Union Leader - A Common-Sense Plan to Reduce Energy Prices

Op-Ed

Date: July 21, 2008
Location: Washington, DC


Union Leader - A Common-Sense Plan to Reduce Energy Prices

HARD-WORKING Americans are suffering at the pump. With gas pushing $5 a gallon, parents, seniors, small business owners and students are struggling everyday to make ends meet. If we do not act now, the price of gas will continue to spiral out of control. By fall, many will also be suffering in their homes because the price of home heating oil has also skyrocketed.

Last Monday, President Bush, in a purely symbolic act, lifted the executive order banning coastal drilling. He also renewed his call for drilling in the Arctic National Wildlife Refuge -- a fig leaf proposal that the Bush administration's Department of Energy itself acknowledges will not yield any oil for at least 10 years and would save consumers only two to three cents a gallon -- in 2030.

That means the average American family will spend $57,000 in gas over the next 10 years before getting one penny of relief from the Republican plan.

American consumers need more than fig leaves and promises of two to three cents in savings 20 years from now. They need real action and real relief.

To provide that relief, we must start by having an honest debate about our nation's energy crisis. That debate is not just between drilling and not drilling. It is about how to implement the aggressive and multiple steps that must be taken. These steps include opening the Strategic Petroleum Oil Reserve, drilling domestically, reining in speculators, encouraging conservation, and producing clean, renewable energy. No one single step is going to solve the energy crisis, but several common-sense steps can.

-- Opening the Strategic Petroleum Oil Reserve. This is the surest way to lower prices at the pump today. This tactic was successfully used by Presidents Clinton and George H.W. Bush. There are now more than 700 million gallons of oil stored for emergency use, and releasing a small amount will push prices down. Although this is not a long-term solution, tapping the reserve would provide Americans immediate relief in less than two weeks.

-- Responsible domestic drilling. We must drill more. There is no question about it. The question is: where do we drill?

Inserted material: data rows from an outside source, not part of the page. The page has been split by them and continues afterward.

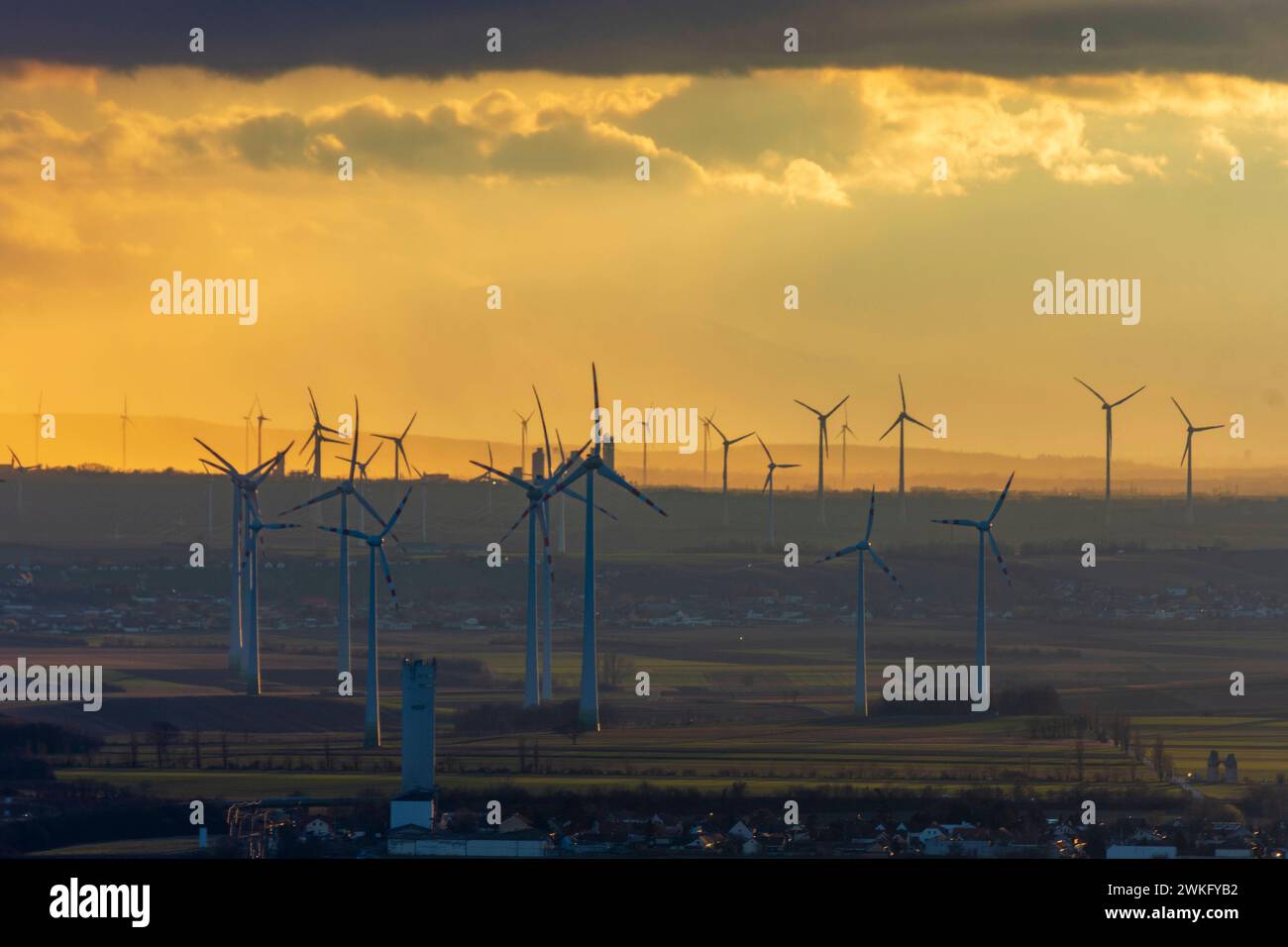 wind turbines, sunset Petronell-Carnuntum Donau Niederösterreich, Lower Austria Austria Stock Photo
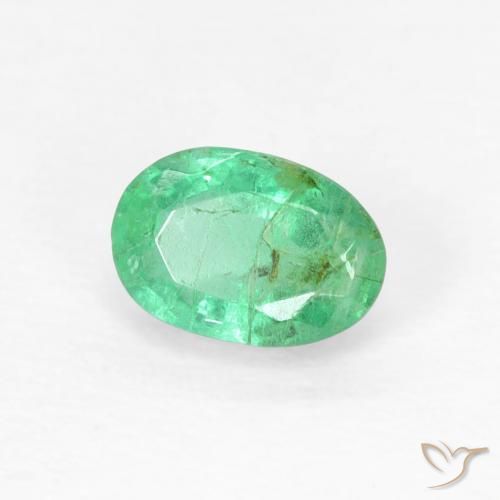 0.50 ct Green Emerald Stone, Natural Emerald in Oval Facet Shape for Sale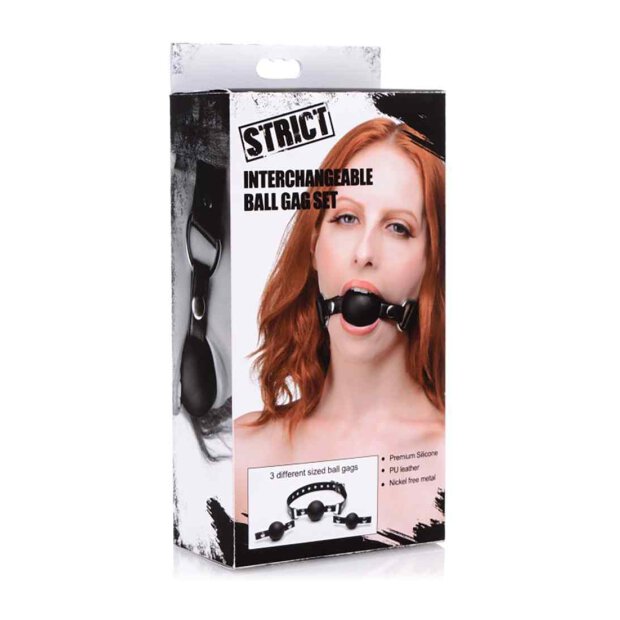 Interchangeable Silicone Ball Gag Set Black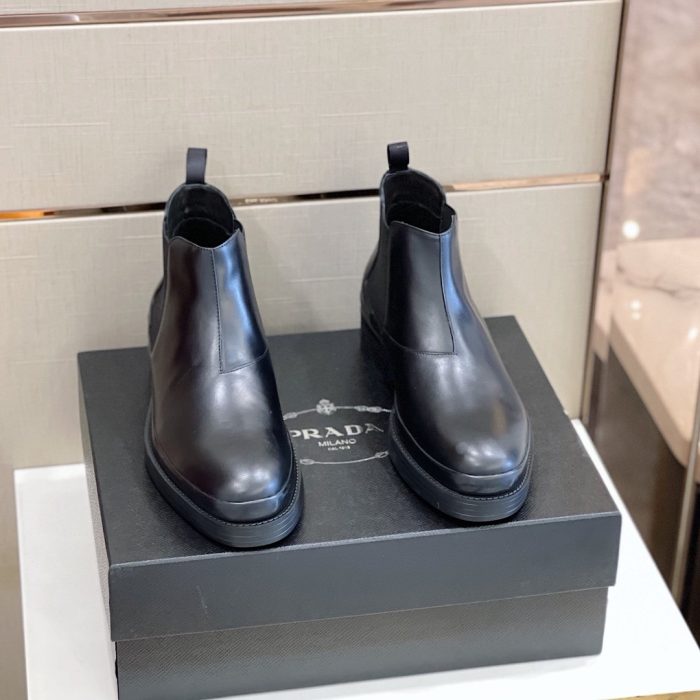 Prada 男士黑色拉丝切尔西靴 1.8 英寸/45 毫米 PRD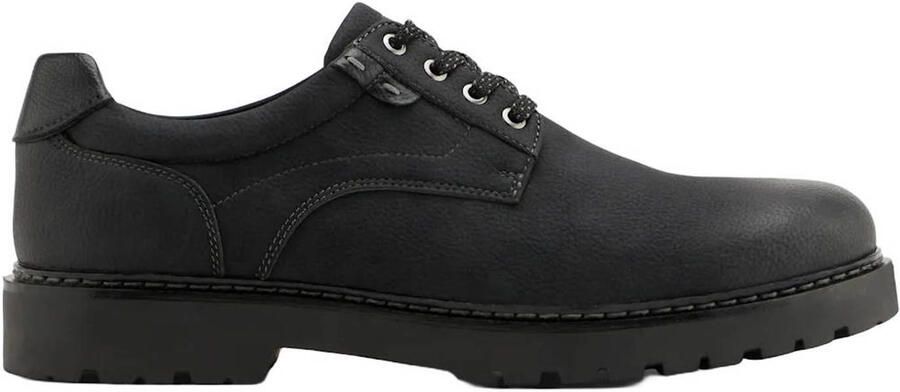 AM SHOE imitatieleren veterschoenen met profielzool zwart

I support domestic drilling and have cosponsored legislation that requires oil companies to begin drilling on the 68 million acres of land they currently lease from the federal government. Oil companies must "use it or lose it." This approach has the potential to double U.S oil production.

-- Limiting energy speculation. Economists estimate that speculation drives up oil prices anywhere from $20 to $50 a barrel. This is unacceptable. We need to ensure that speculators' activities are transparent starting today. American consumers must also be protected from market manipulation. Last month, I cosponsored legislation, the Consumer Oil Price Protection Act, which would require that that individuals investing in energy futures be able to take receipt of that product.

-- Promoting conservation. Under Democratic leadership, Congress enacted into law legislation requiring the first new fuel efficiency standards in 32 years. This alone will save consumers up to $1,000 in gas per car per year and reduce American consumption by more than $1 million barrels per day, or a quarter of our consumption. According to Texas A&M Professor Andrew Dessler, "Had we continued the fuel-efficiency increases begun in the '70s into this decade, we might now be consuming millions of barrels less oil every day."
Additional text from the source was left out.